The news came two weeks after the U.S. military acknowledged that suicides hit a record in 2012, outpacing combat deaths, with 349 active-duty suicides - almost one a day.


What they report on are crimes committed by them instead of the fact they are more likely to harm themselves than they are to harm someone else.

These veterans have risked their lives for those they served with. Don't reporters get that? Will they ever get that point? I doubt it. Ever since Chris Kyle was shot and killed while trying to help a Marine with PTSD they make it sound as if veterans are someone to fear yet the majority of murders are not committed by veterans.

If reporters keep getting this all wrong, then there is little hope the American public will get it right and even less hope they will ensure Congress gets any of this right for veterans' sake.

If they cannot grasp the number of older veterans suffering right now, then while there is a chance to reduce the suffering for the newer generation of veterans, it is all allowed to get worse now and we'll see the increase in veterans taking their own lives for many, many more years to come. Still the subject that is covered the least is what all of this does to families. No one is really talking about families forgotten by everyone.

(Update)
Mental Disorders Among OEF/OIF Veterans Using VA Health Care: Facts and Figures
OEF/OIF Veterans Using VA Health Care
Veterans generally must enroll in the VA health care system to receive medical care; for information about enrollment, health benefits, and cost-sharing, see CRS Report R42747, Health Care for Veterans: Answers to Frequently Asked Questions, by Sidath Viranga Panangala and Erin Bagalman. From FY2002 through FY2012, 1.6 million OEF/OIF veterans (including members of the Reserve and National Guard) left active duty and became eligible for VA health care; by the end of FY2012, 56% of them had enrolled and obtained VA health care.

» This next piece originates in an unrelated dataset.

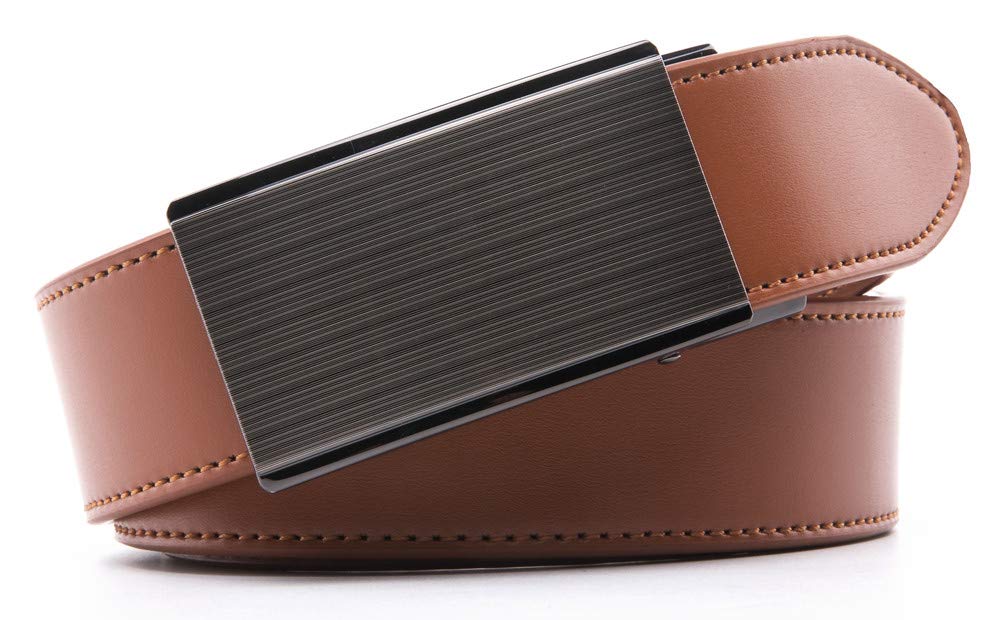 landmark Men's Belt Genuine Leather Dress Belts Ratchet Automatic Buckle Size Customized (44/46, Brown2050)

Second, some conditions may be understated, because veterans who have a condition might not be diagnosed (and therefore might not have the diagnosis code in their records), if they choose not to disclose their symptoms. Veterans might not want to disclose information that would lead to a diagnosis of mental illness. Veterans have reported not wanting to disclose trauma for fear that they will not be believed, that others will think less of them, that they will be institutionalized or stigmatized, or that their careers will be jeopardized, among other reasons.

Also, veterans using VA health care services may receive additional services outside the VA, without the knowledge of the department.